* **Your assignment**
Unless it is a picture, every line from the start of the entries through the line with "What is Penile" must be retyped exactly.

* **Data supplied**
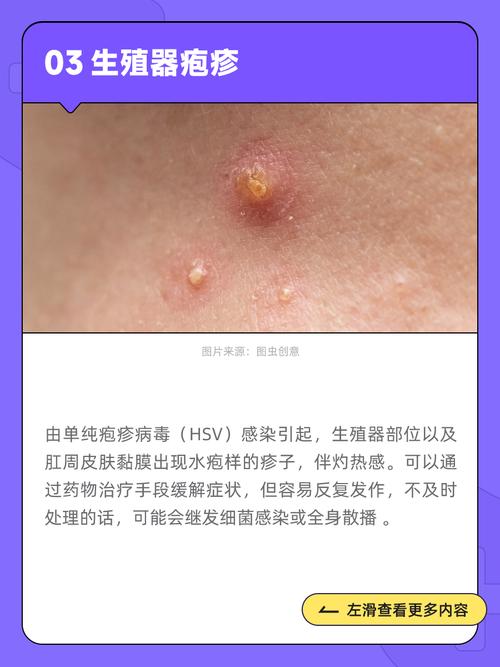 生殖疱疹可以针灸吗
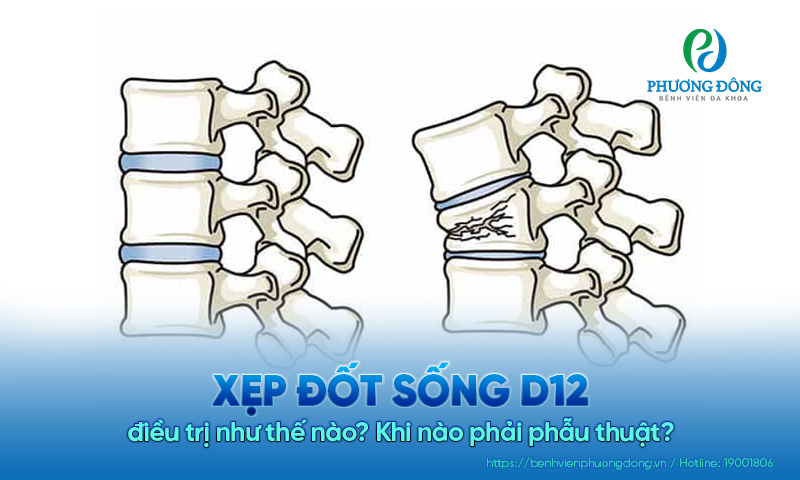 Xẹp đốt sống D12 điều trị như thế nào? Khi nào phải phẫu thuật?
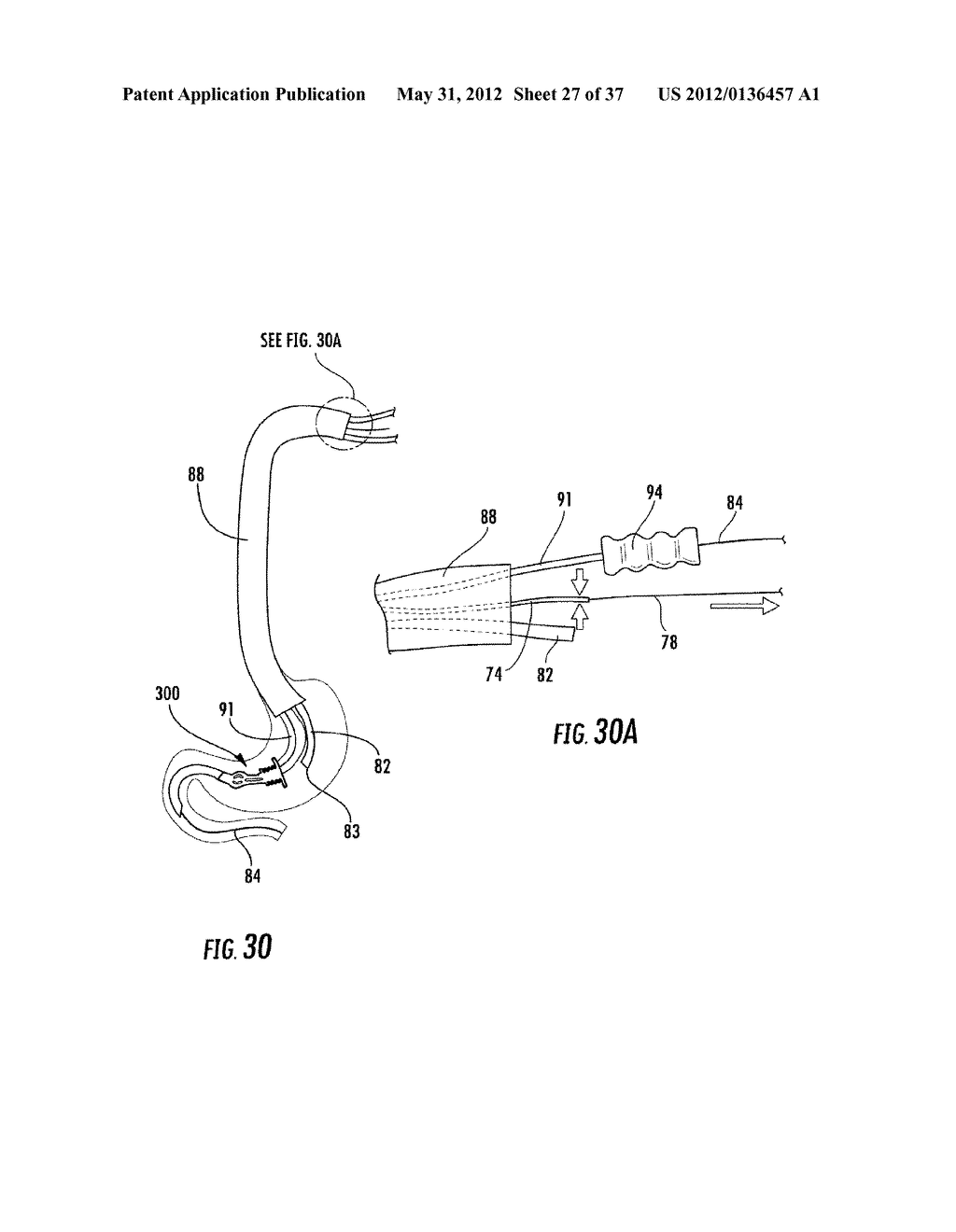 PYLORIC VALVE DEVICES AND METHODS - diagram, schematic, and image 28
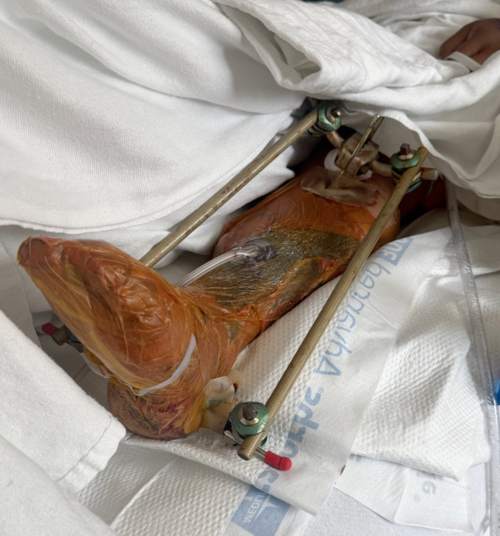 El pie izquierdo de la guatemalteca fue la parte m&aacute;s da&ntilde;ada, por lo que podr&iacute;a perderlo. (Foto: GoFundMe)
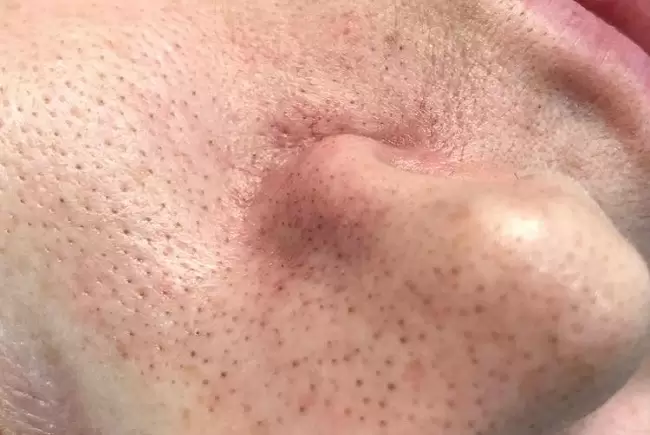 До процедуры фото №3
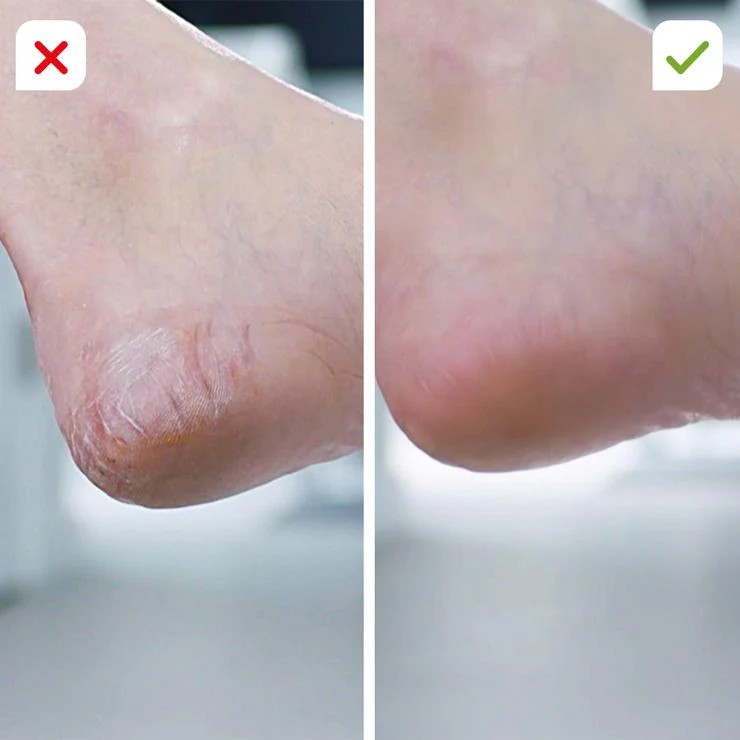 Pieds Doux Sans Effort – Lime Électrique Professionnelle Anti-Peaux Mortes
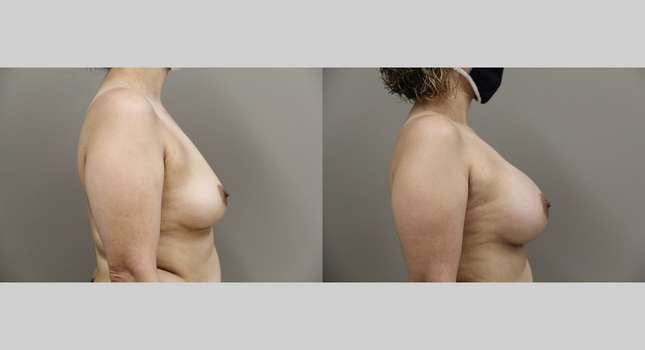 Breast Augmentation: Image #788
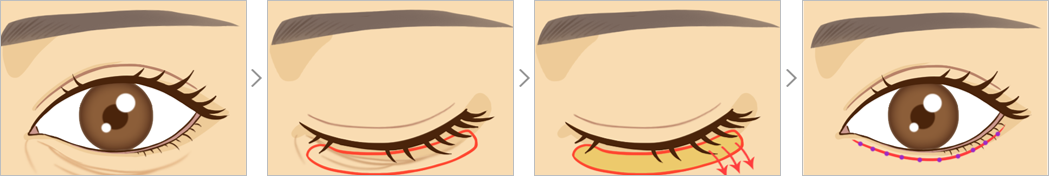 맑은누리 하안검 성형술 방법 삽화
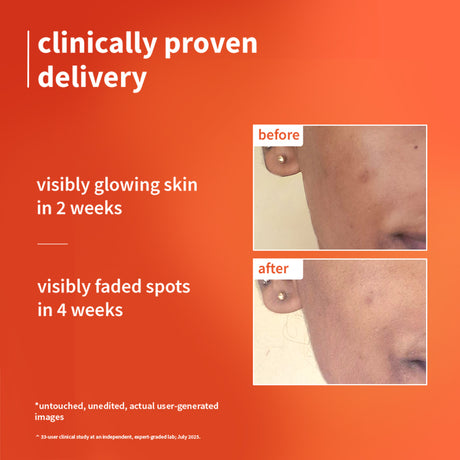 1% Vitamin C Ultra-Light-Glow Boosting Gel Cream with Alpha Arbutin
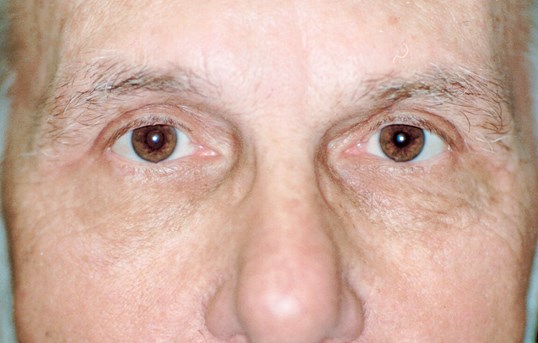 eyes after receiving a blepharoplasty surgical procedure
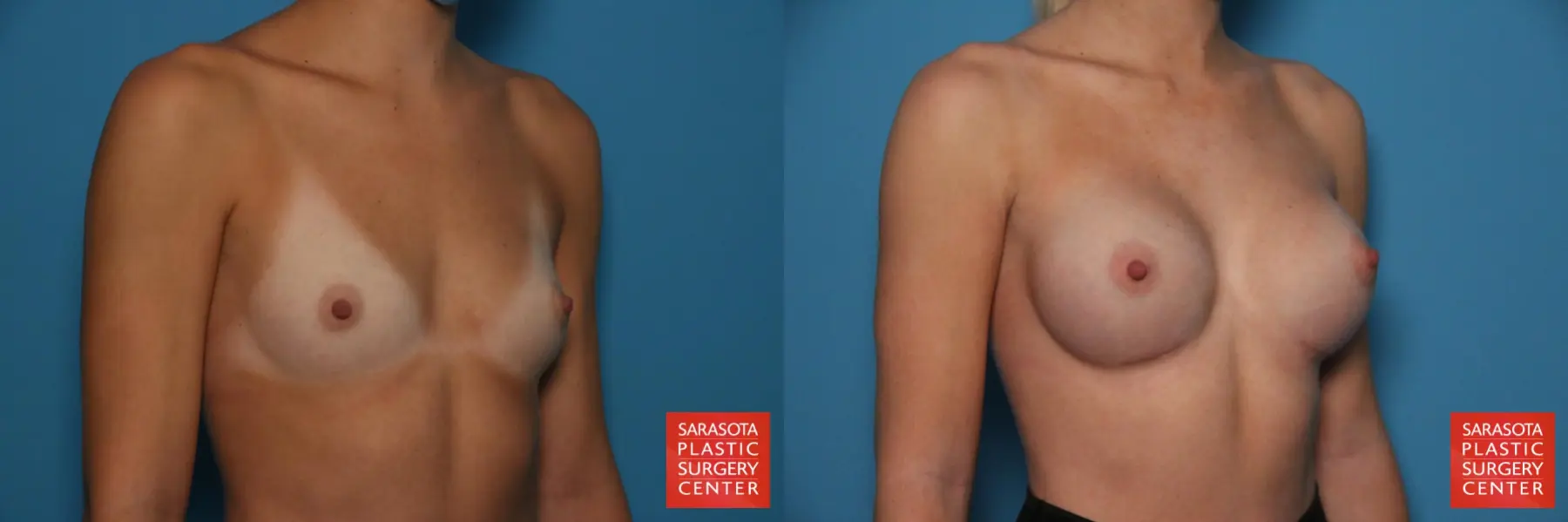 Breast Augmentation: Patient 77 - Before and After 4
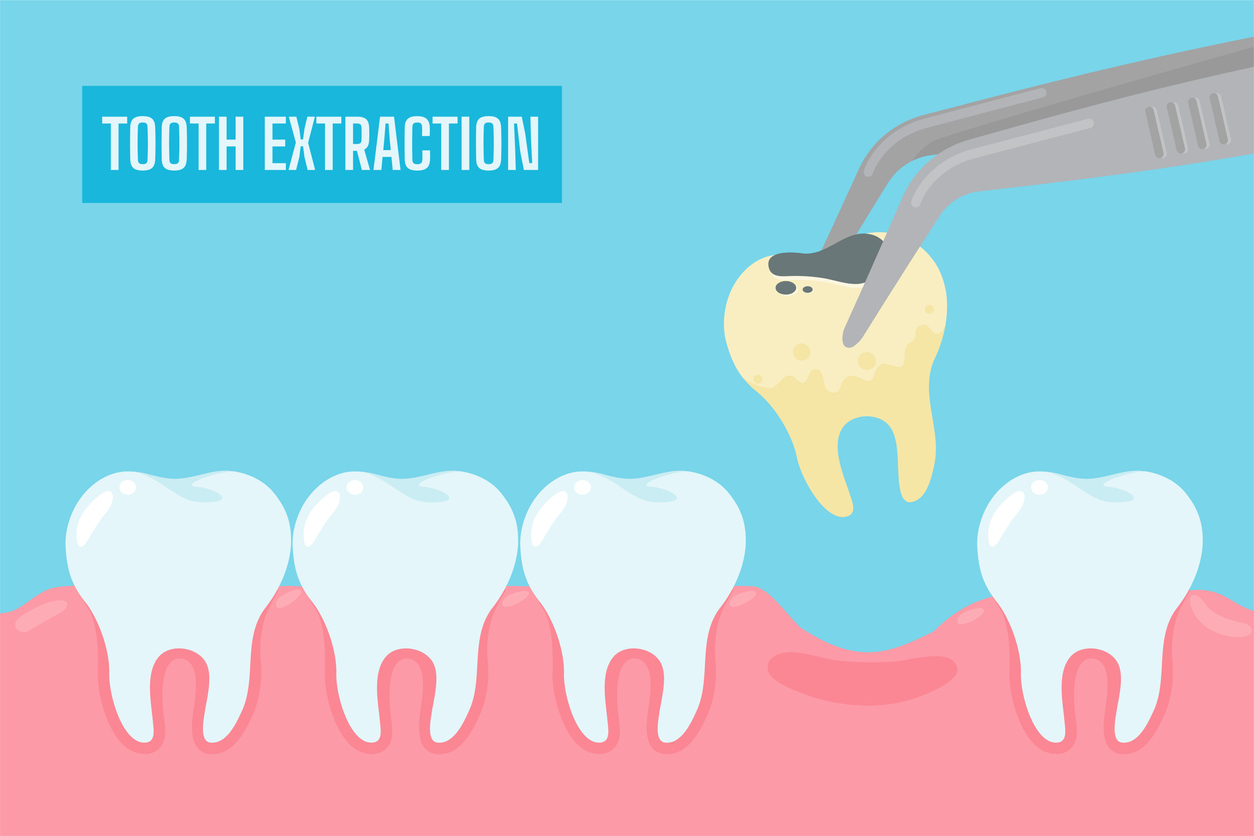Illustration of tooth extraction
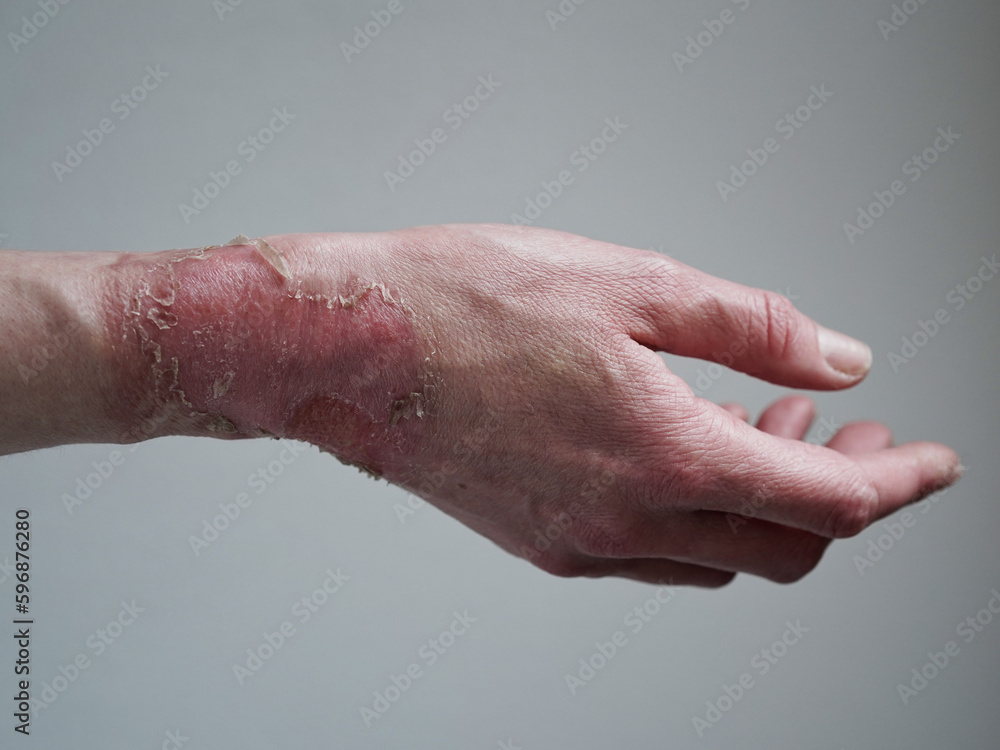 skin-burn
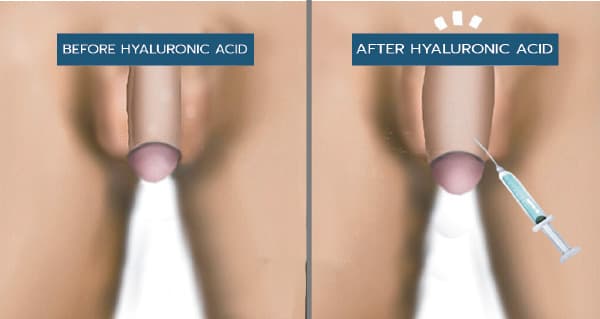 What is Penile Girth Enhancement with Filler?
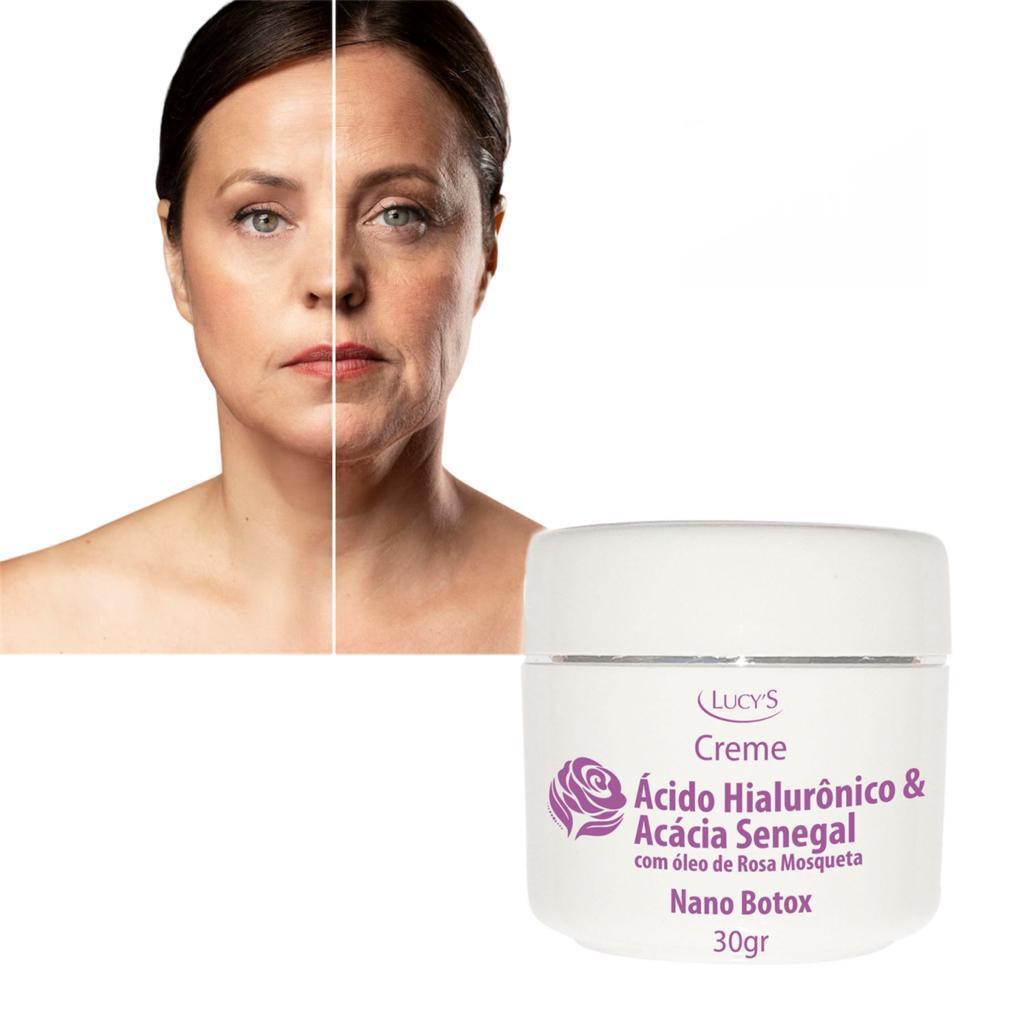 Creme Nano Botox Rugas Ác Hialurônico Com Rosa Mosqueta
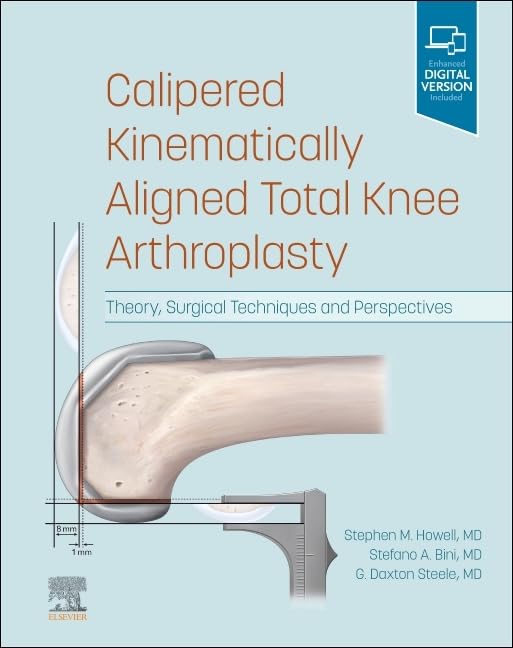 Calipered Kinematically aligned Total Knee Arthroplasty - Retail Maharaj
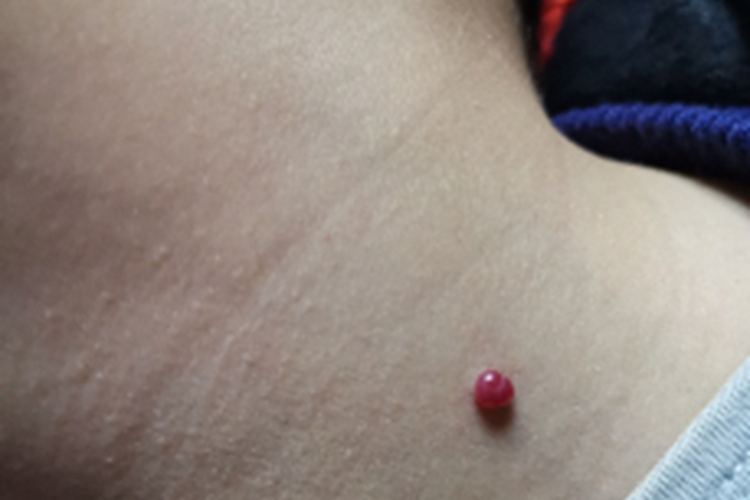 化脓性肉芽肿后颈小红疙瘩图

* **Task answer**
 生殖疱疹可以针灸吗
 Xẹp đốt sống D12 điều trị như thế nào? Khi nào phải phẫu thuật?
 PYLORIC VALVE DEVICES AND METHODS - diagram, schematic, and image 28
 El pie izquierdo de la guatemalteca fue la parte m&aacute;s da&ntilde;ada, por lo que podr&iacute;a perderlo. (Foto: GoFundMe)
 До процедуры фото №3
 Pieds Doux Sans Effort – Lime Électrique Professionnelle Anti-Peaux Mortes
 Breast Augmentation: Image #788
 맑은누리 하안검 성형술 방법 삽화
 1% Vitamin C Ultra-Light-Glow Boosting Gel Cream with Alpha Arbutin
 eyes after receiving a blepharoplasty surgical procedure
 Breast Augmentation: Patient 77 - Before and After 4
Illustration of tooth extraction
 skin-burn
 What is Penile Girth Enhancement with Filler?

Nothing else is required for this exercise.